50.50 vs. 26.14 before. That’s the TTL subtask – and it nearly doubles. So δ-mem isn’t a free upgrade everywhere. It’s a sharp tool that shines exactly where memory is the bottleneck, and barely moves general reasoning scores like IFEval or GPQA-Diamond.

Here’s what the benchmark table can’t tell you: whether the same pattern holds once your conversation runs well beyond the 8K training window. A tool that nearly doubles one subtask score while leaving general capability flat is genuinely useful – but only if your actual workload sits inside its evidenced range. That’s the open question worth testing before you commit.

When NOT to use δ-mem

Honestly? Most apps don’t need it. If your prompt fits in 32K tokens and your sessions are short, plain Qwen3 or any other open model handles it already. δ-mem earns its keep in three narrow situations:

  1. Long-running agents that accumulate state across hours or days – the canonical “assistant that remembers what you asked last Tuesday” pattern. The 8K write budget matters here: if your agent logs more than that before a checkpoint, you’re past the evidenced range.
  2. Multi-turn analysis over a single long document where re-feeding the whole doc every turn is wasteful. Feed it once, let the state carry it.
  3. You’re already on Qwen3-4B/8B or SmolLM3-3B. The public release only ships adapters for those three backbones (as of May 2025). Want Llama 3 or Gemma? You’d have to train your own, and the recipe assumes a GPU cluster.

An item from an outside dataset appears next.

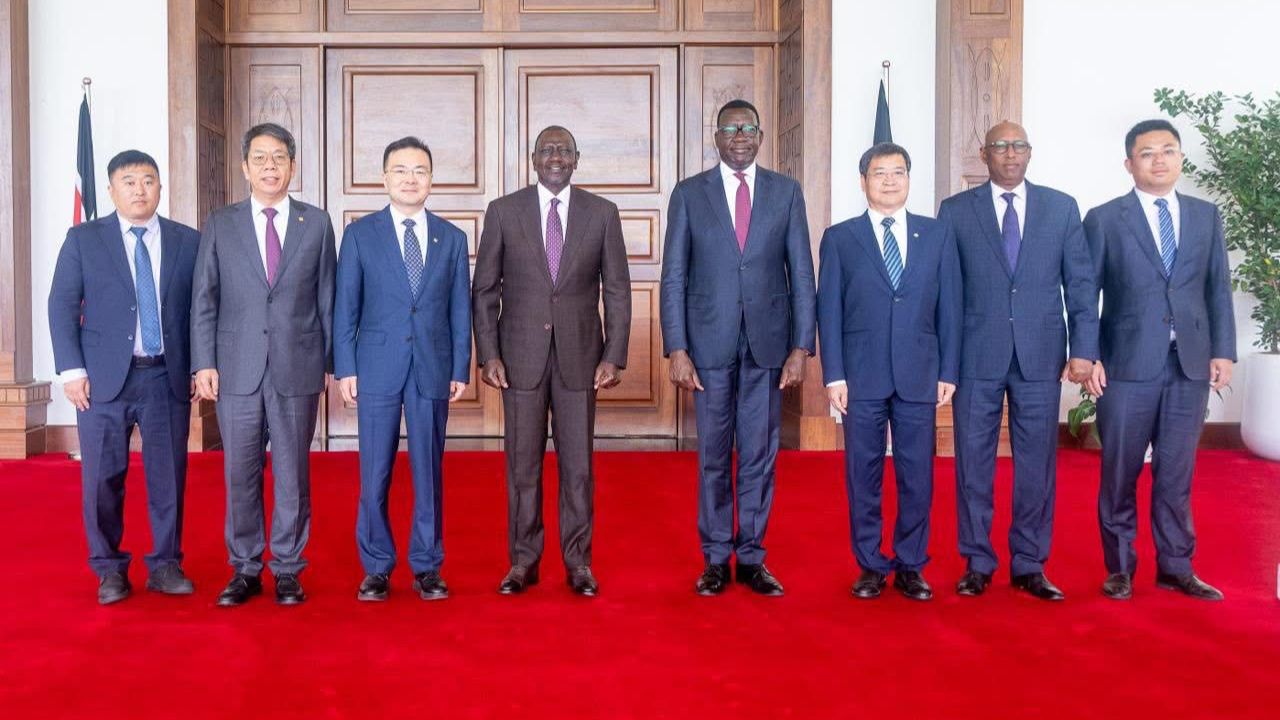 File image of President William Ruto, Transport Cabinet Secretary Davis Chirchir and representatives from the China Communications Construction Company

Mac with no remote GPU access? RAG with a vector store is the practical move until someone ports δ-mem to a CPU-friendly runtime – which, as of this writing, nobody has.

FAQ

Is δ-mem the same as a longer context window?

No. A longer context literally feeds more tokens into attention every step – cost scales quadratically. δ-mem keeps the context window where it is and stores a compressed summary in a tiny side-state that the model reads from during generation. Cheaper, but bounded by that 8K write budget.

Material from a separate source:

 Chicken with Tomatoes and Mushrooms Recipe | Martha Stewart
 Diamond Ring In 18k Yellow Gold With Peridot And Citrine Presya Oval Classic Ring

Can I use δ-mem with GPT-4 or Claude?

Not today. δ-mem modifies the attention computation of an open backbone, so it needs model internals – exactly what closed APIs don’t expose. The released code (as of May 2025) targets Qwen3-4B/8B and SmolLM3-3B. If you need memory on a closed model, you’re back to RAG or a thread-summary loop. That’s a real limitation worth naming, not a footnote.

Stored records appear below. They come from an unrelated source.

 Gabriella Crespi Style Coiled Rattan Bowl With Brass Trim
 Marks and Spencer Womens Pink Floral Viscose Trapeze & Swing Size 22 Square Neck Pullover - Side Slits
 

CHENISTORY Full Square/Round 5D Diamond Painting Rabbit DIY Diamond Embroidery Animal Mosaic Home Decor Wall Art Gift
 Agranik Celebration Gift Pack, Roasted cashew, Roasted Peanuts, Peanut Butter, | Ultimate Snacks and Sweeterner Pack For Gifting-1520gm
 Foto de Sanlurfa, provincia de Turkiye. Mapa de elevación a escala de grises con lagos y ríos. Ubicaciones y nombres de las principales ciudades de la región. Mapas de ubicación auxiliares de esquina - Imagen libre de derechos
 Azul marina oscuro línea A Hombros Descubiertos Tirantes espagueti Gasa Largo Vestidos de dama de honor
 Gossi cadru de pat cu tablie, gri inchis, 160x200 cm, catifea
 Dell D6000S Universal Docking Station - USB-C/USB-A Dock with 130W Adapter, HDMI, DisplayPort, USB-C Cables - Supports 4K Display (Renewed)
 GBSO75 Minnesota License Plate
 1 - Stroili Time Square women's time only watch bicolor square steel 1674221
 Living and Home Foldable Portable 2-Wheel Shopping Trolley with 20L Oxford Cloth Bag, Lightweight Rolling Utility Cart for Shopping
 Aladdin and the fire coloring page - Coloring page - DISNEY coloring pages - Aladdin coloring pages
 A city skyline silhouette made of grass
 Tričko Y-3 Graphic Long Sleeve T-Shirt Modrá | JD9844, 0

How much VRAM do I need for the chat demo?

The official docs don’t publish a minimum VRAM figure, so treat any number you see floating around as community-observed rather than guaranteed. What they do specify: bf16 GPU required, FlashAttention required. A card without bf16 support won’t run this at all.

Next step: clone the repo, download the Qwen3-4B adapter, and run the chat demo with one long multi-turn conversation you already have transcripts of. Compare the answers turn by turn against the frozen backbone. That A/B is the only test that’ll tell you whether δ-mem belongs in your stack.